Benny Powell, 80
Benny Powell dies at 80; Jazz trombonist performed with Count Basie
Benny Powell, a jazz trombonist who played with Count Basie's band from the early 1950s to the early 1960s, taking a solo turn in its 1955 recording of "April in Paris," died June 26 at a hospital in New York after undergoing back surgery. He was 80.
Mr. Powell's career ranged from Lionel Hampton's big band in the late 1940s to the modern jazz of pianist Randy Weston and his African Rhythms ensemble for the past quarter-century. In between, he had a steady gig in "The Merv Griffin Show" band, studio session jobs, and work in Broadway musicals and touring shows.
Benjamin Gordon Powell was born March 1, 1930, in New Orleans. The first instrument he picked up was a parade drum. His mother encouraged an interest in the trombone, and he had his first professional gig at 14.
"The thing I most love about it is how expressive it is," Mr. Powell said of the trombone in an interview with the New Orleans Times-Picayune in 2001. "It's like a voice. It can go from a whisper to a roar."

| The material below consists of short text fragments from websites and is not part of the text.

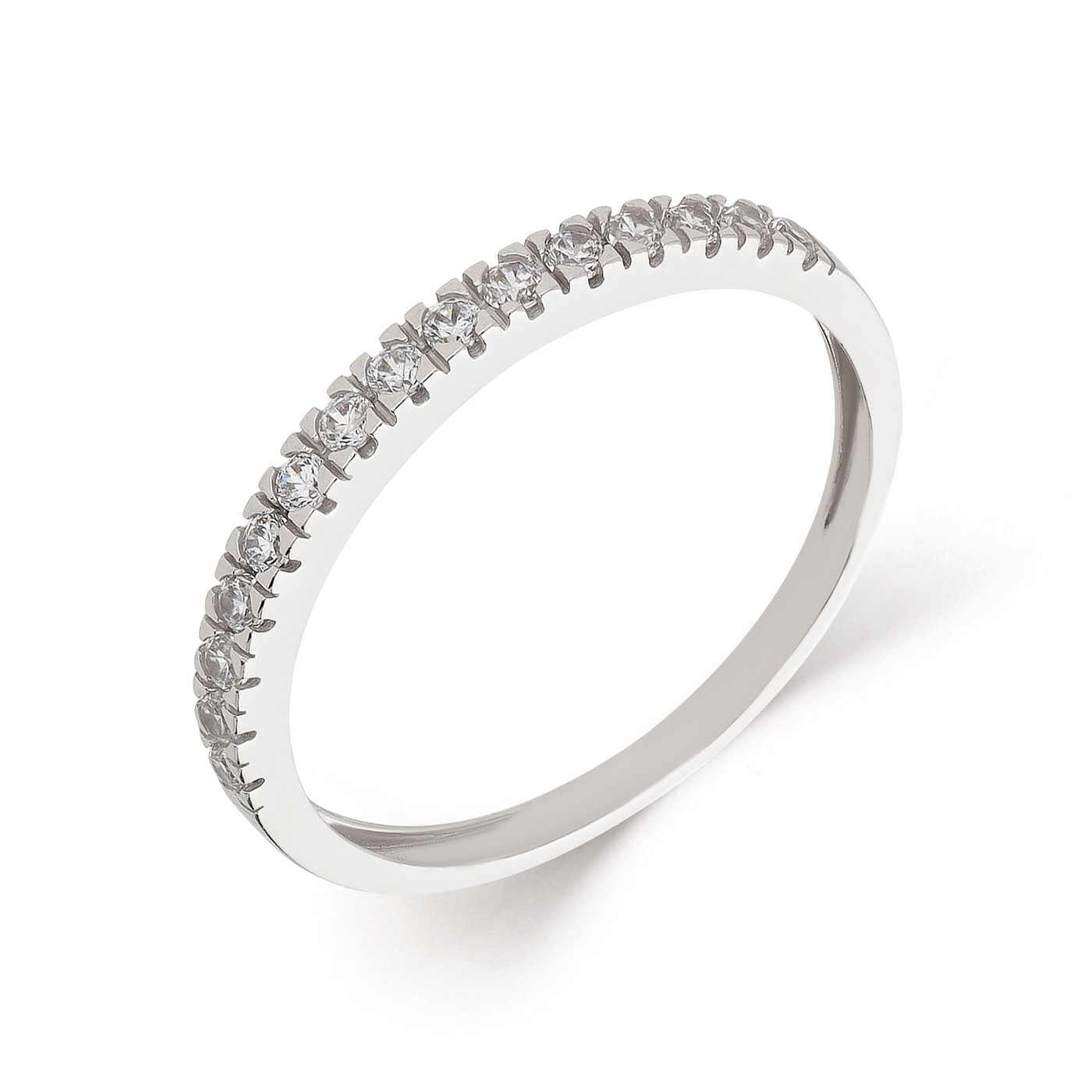 GOLDLIGHT Gredzens W77309432 | GOLDLIGHT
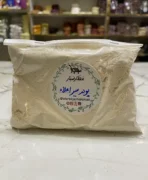 پودر سیر اعلاء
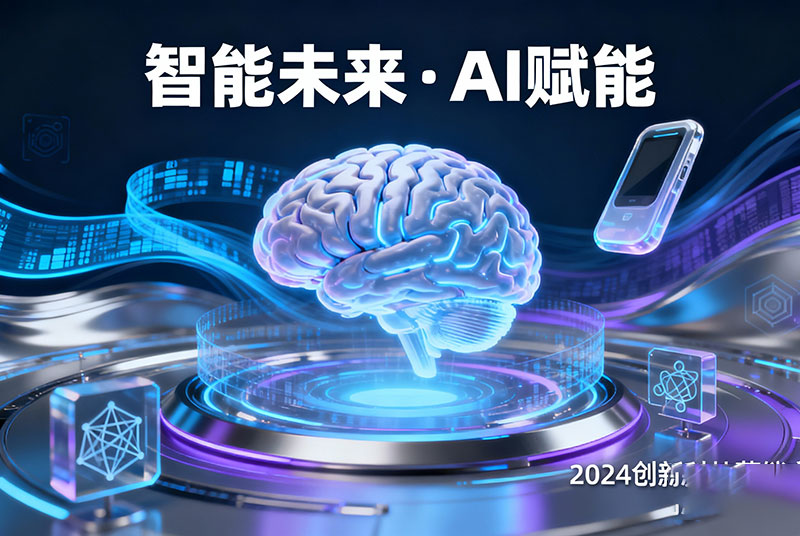 掌握这些核心seo排名技巧,让你的网站轻松跻身搜索引擎首页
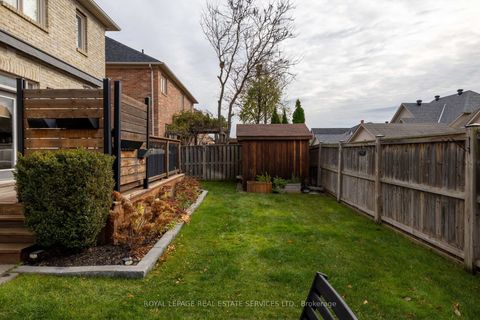 Photo 38 at 2472 Chaplin Road, JC Joshua Creek, Oakville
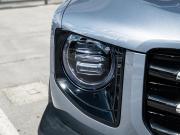 Haval Dargo Волгоград  - изображение 40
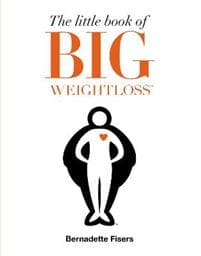 Little Book of Big Weightloss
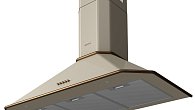 Вытяжка Korting KHC 9839 RB (фото 1)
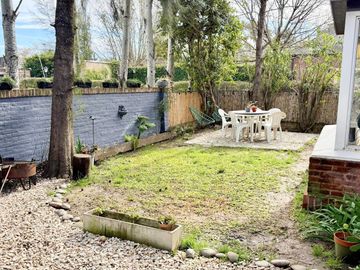 Casa - San Isidro-Lasalle/Rio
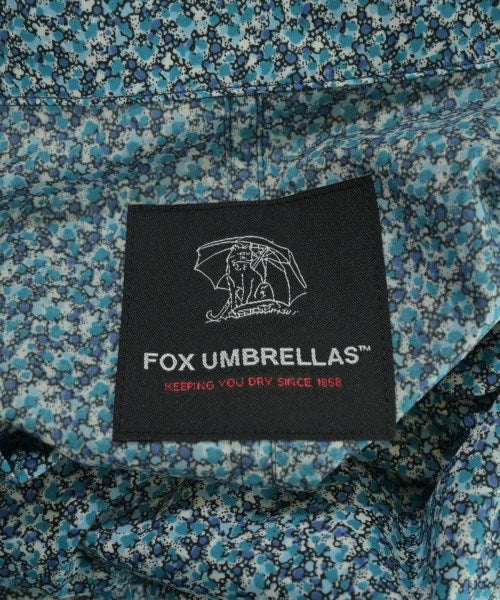 FOX UMBRELLAS เสื้อโค้ท อื่น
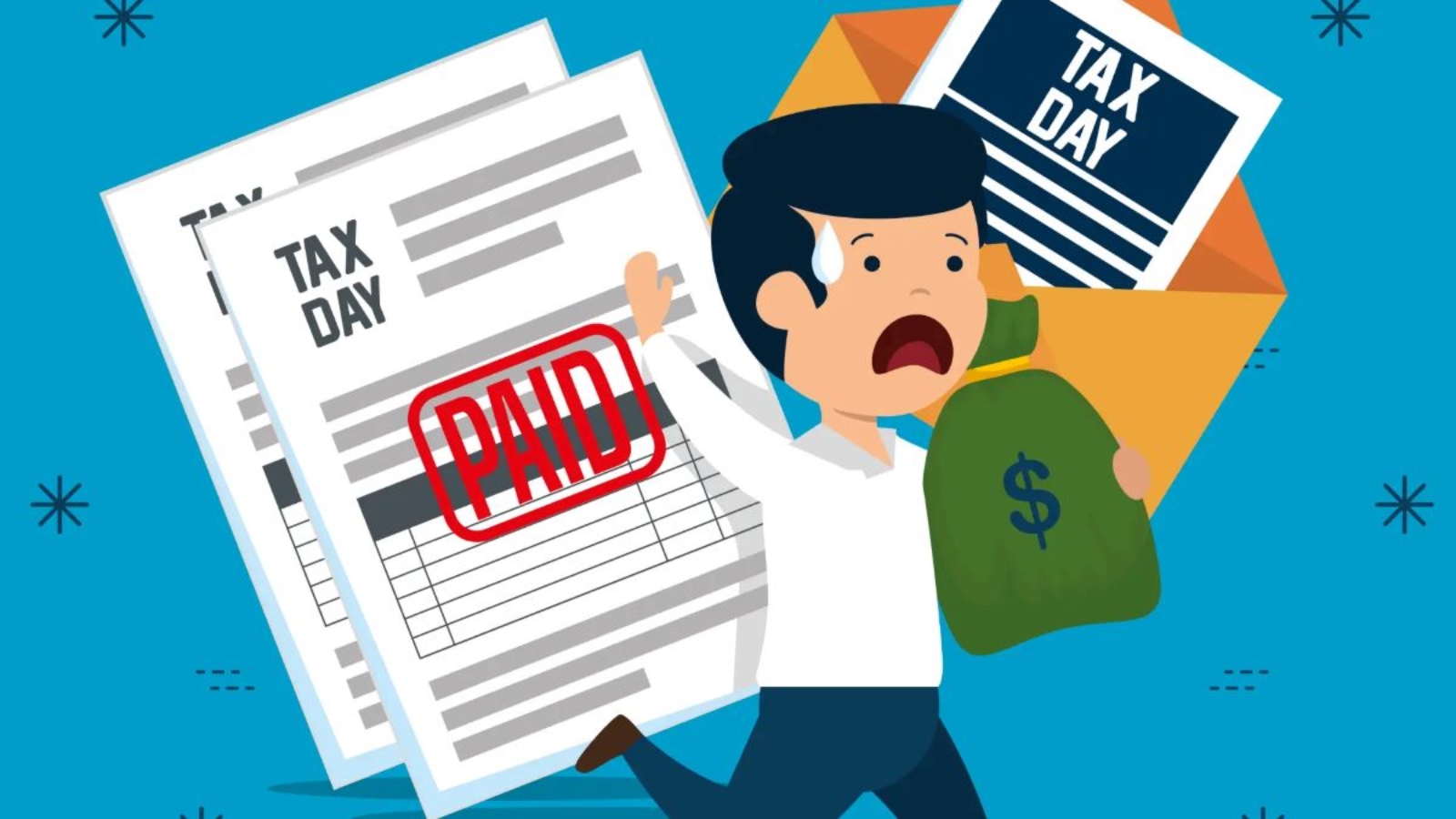 Jangan Sampai Salah Memahami Tax Avoidance, Tax Planning, dan Tax Evasion! Ini Batas Tipis Antara Cerdas Pajak dan Kriminal Pajak!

He played with bands in Texas and Oklahoma before touring with Hampton, beginning in 1948. From 1951 to 1963, he was a member of Basie's celebrated band, which played at President John F. Kennedy's inauguration in 1961.
Mr. Powell left Basie in 1963 to lead his own ensemble. He played and recorded with the Thad Jones/Mel Lewis Jazz Orchestra and others in the 1960s.
In 1970, Mr. Powell began an eight-year run with Merv Griffin's TV talk show, and he moved with it to Los Angeles. He occasionally rejoined the Basie band, including for a brief scene in Mel Brooks's 1974 comedy film "Blazing Saddles."
He began playing with Weston in the early 1980s and in recent years taught at the New School in New York.